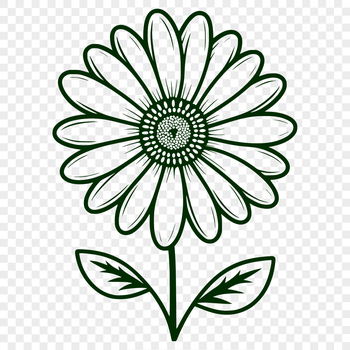 A vector illustration of a daisy flower in bloom.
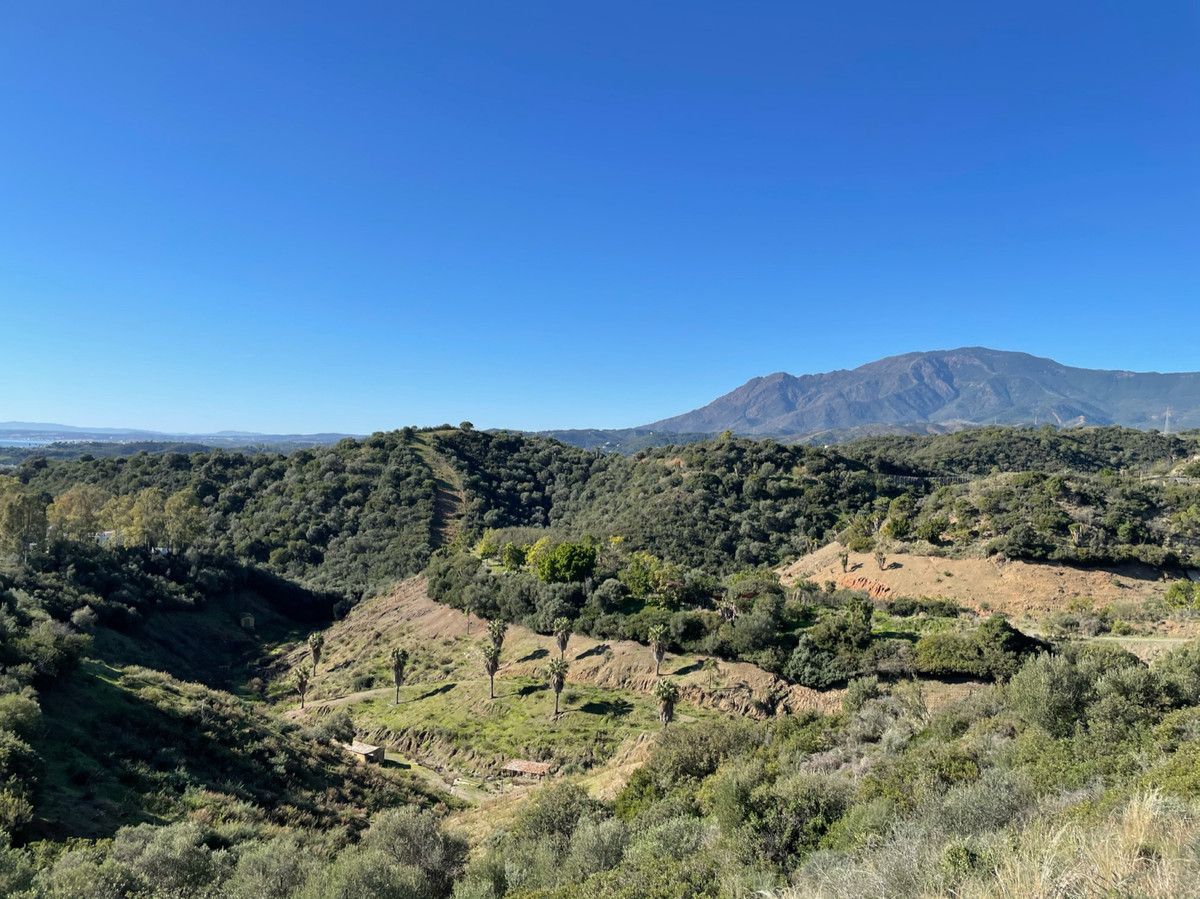 Residential Plot in New Golden Mile, New Golden Mile, 6/6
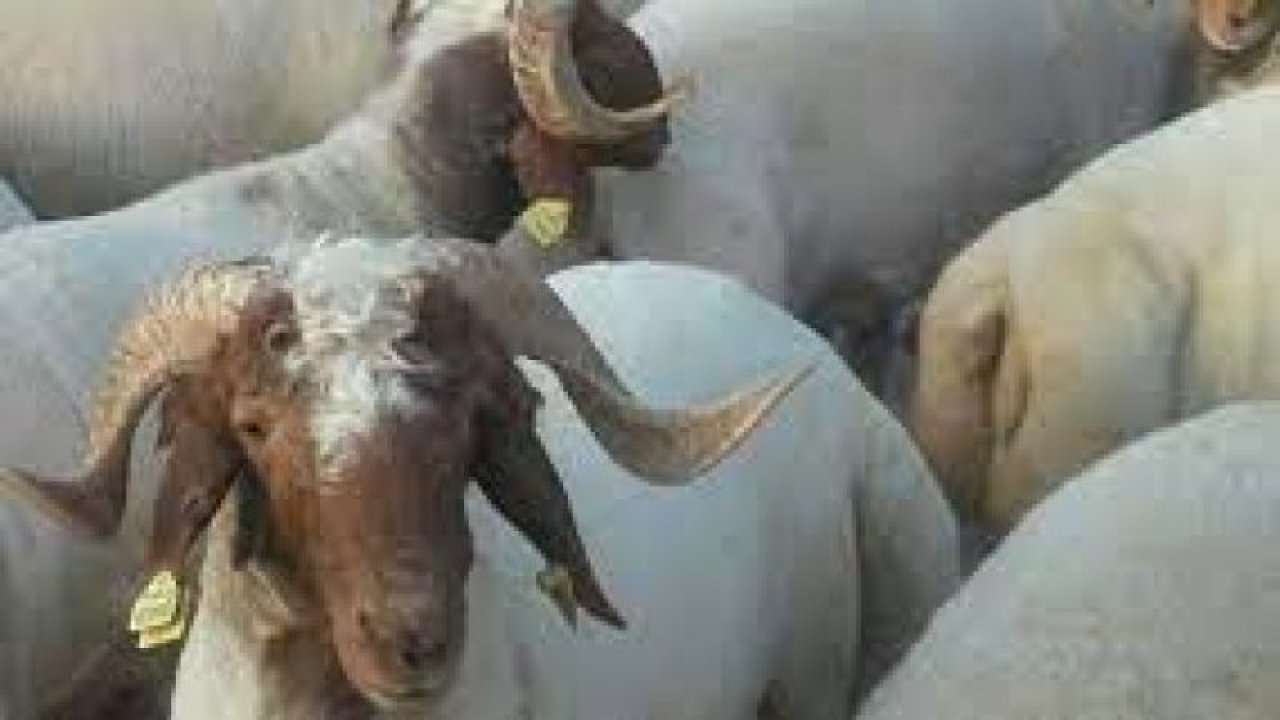 SON DAKİKA !! Gaziantep'te 2021 yılı Büyükbaş ve Küçükbaş hayvan fiyatları açıklandı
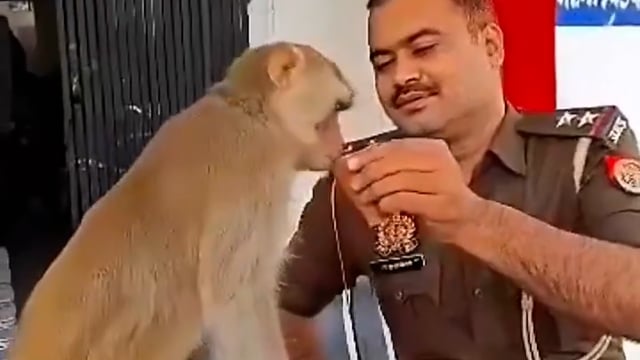 ➡️.....प्रयागराज: करछना थाने में मंगलवार को पुलिसकर्मियों के बीच एक बंदर पहुंच गया...!!! चाय पीने के बाद बंदर इधर-उधर घूमता रहा!*
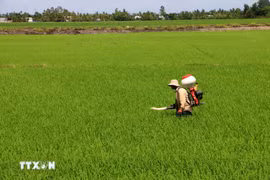 Farmers tend to rice crops in Can Tho city. (Photo: VNA) 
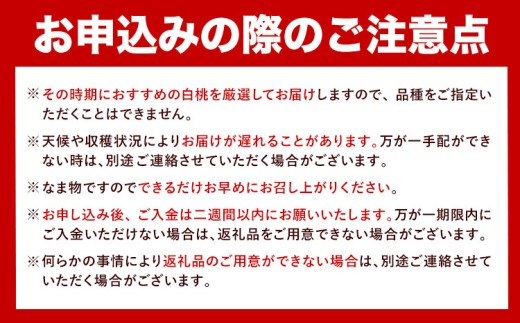 【先行予約】岡山白桃 等級 ロイヤル 約2kg《7月上旬‐8月下旬頃出荷》もも モモ 岡山 国産 フルーツ 果物 岡山県 浅口市 株式会社 はちや フルーツ モモ 果物 青果 旬 白桃 国産 岡山県産【配送不可地あり】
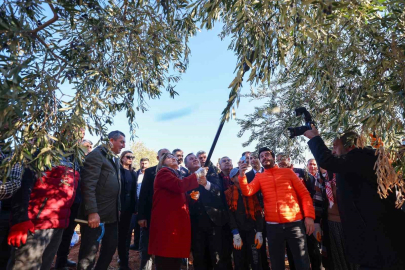 Şahin, Nizip’te zeytin hasadına katıldı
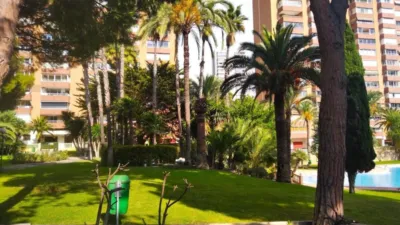 Apartment on Avinguda de la Marina Baixa photo 6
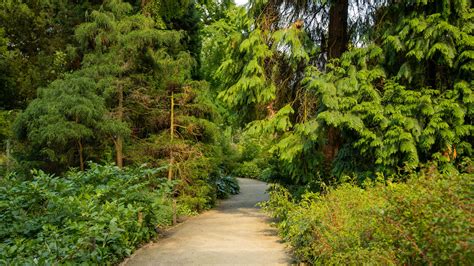 Münster Botanical Garden, Münster Vacation Rentals: house rentals ...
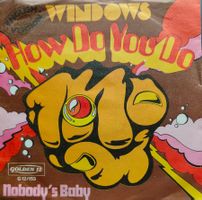Vinyl-Single Windows - How Do You Do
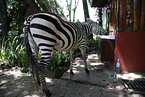 Zebra am Wasserhahn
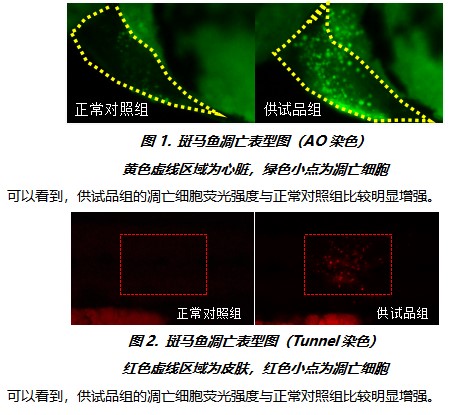 利用斑马鱼评价细胞凋亡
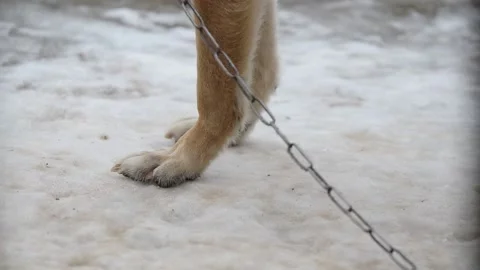 A dog chained to a chain stands on the ice during the winter Stock Footage 147856382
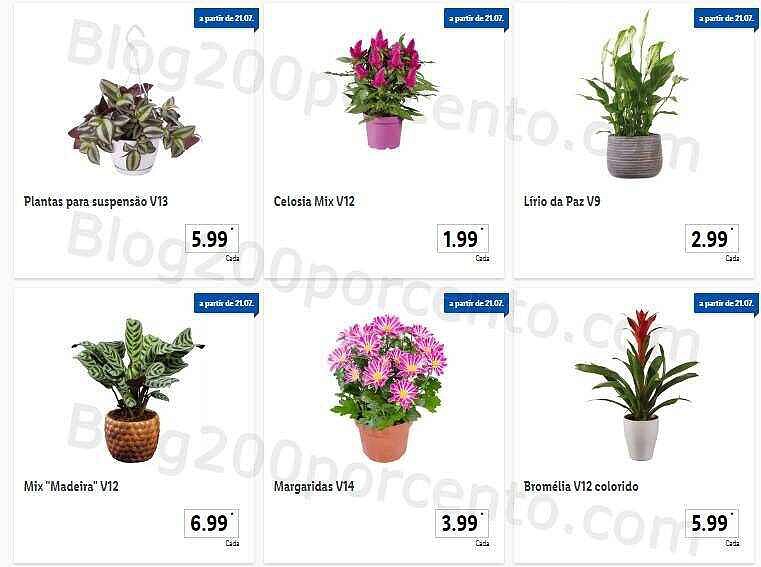 01 Promoções-Descontos-44356.jpg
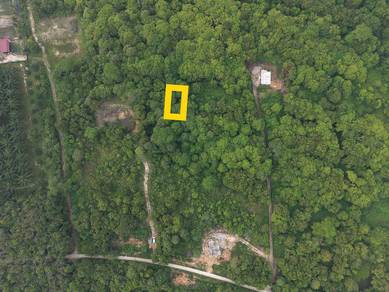 Residential Land in Temerloh, PHG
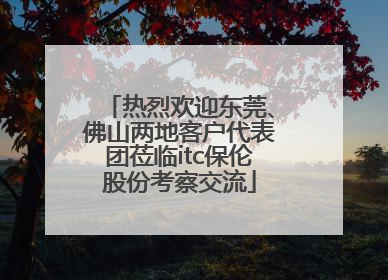 热烈欢迎东莞、佛山两地客户代表团莅临itc保伦股份考察交流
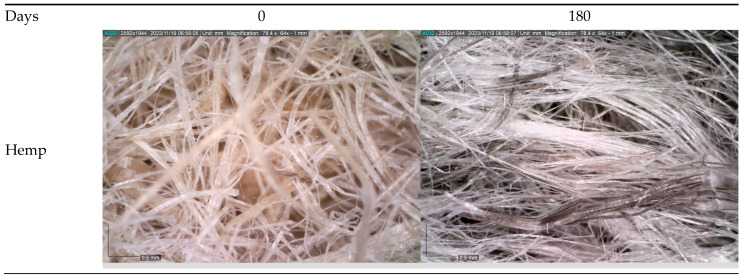 Microscopic images of unexposed nonwoven mulches and nonwoven mulches after ten months of field exposure; magnification ×65.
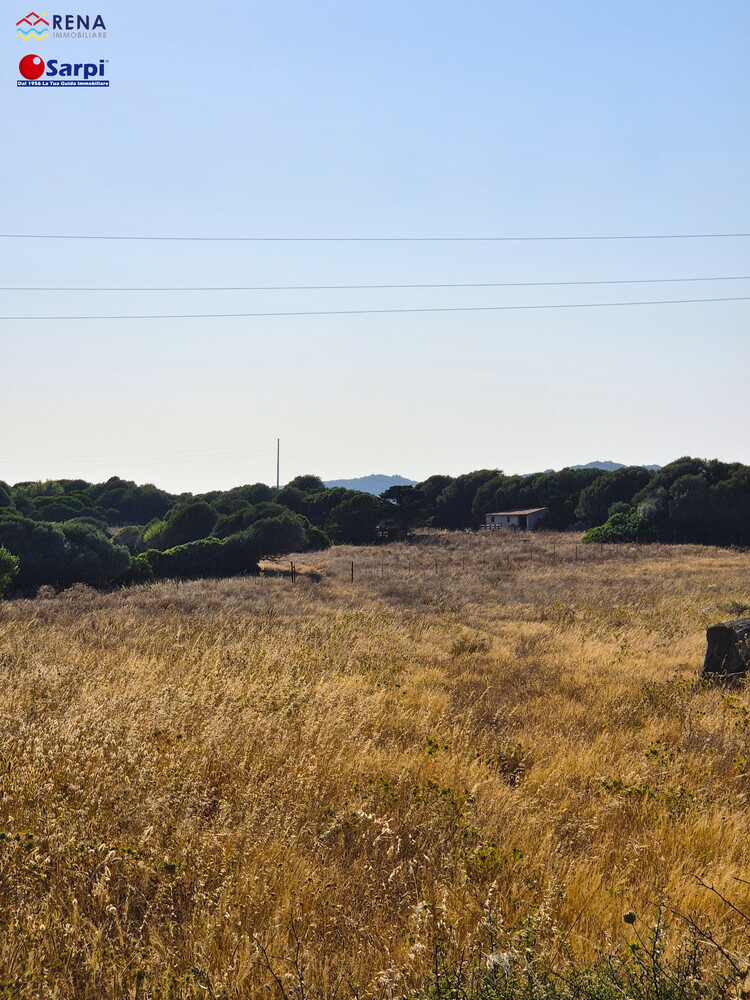 Terreno agricolo in ottima posizione – Santa Teresa Gallura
===============
** What you are asked to do **
The answer is those lines of the material above that run from the one containing "SON DAKİKA !!" up to and including the one containing "Apartment on Avinguda", restated exactly and without images.

** Exercise answer **
 SON DAKİKA !! Gaziantep'te 2021 yılı Büyükbaş ve Küçükbaş hayvan fiyatları açıklandı
 ➡️.....प्रयागराज: करछना थाने में मंगलवार को पुलिसकर्मियों के बीच एक बंदर पहुंच गया...!!! चाय पीने के बाद बंदर इधर-उधर घूमता रहा!*
 Farmers tend to rice crops in Can Tho city. (Photo: VNA) 
 【先行予約】岡山白桃 等級 ロイヤル 約2kg《7月上旬‐8月下旬頃出荷》もも モモ 岡山 国産 フルーツ 果物 岡山県 浅口市 株式会社 はちや フルーツ モモ 果物 青果 旬 白桃 国産 岡山県産【配送不可地あり】
 Şahin, Nizip’te zeytin hasadına katıldı
 Apartment on Avinguda de la Marina Baixa photo 6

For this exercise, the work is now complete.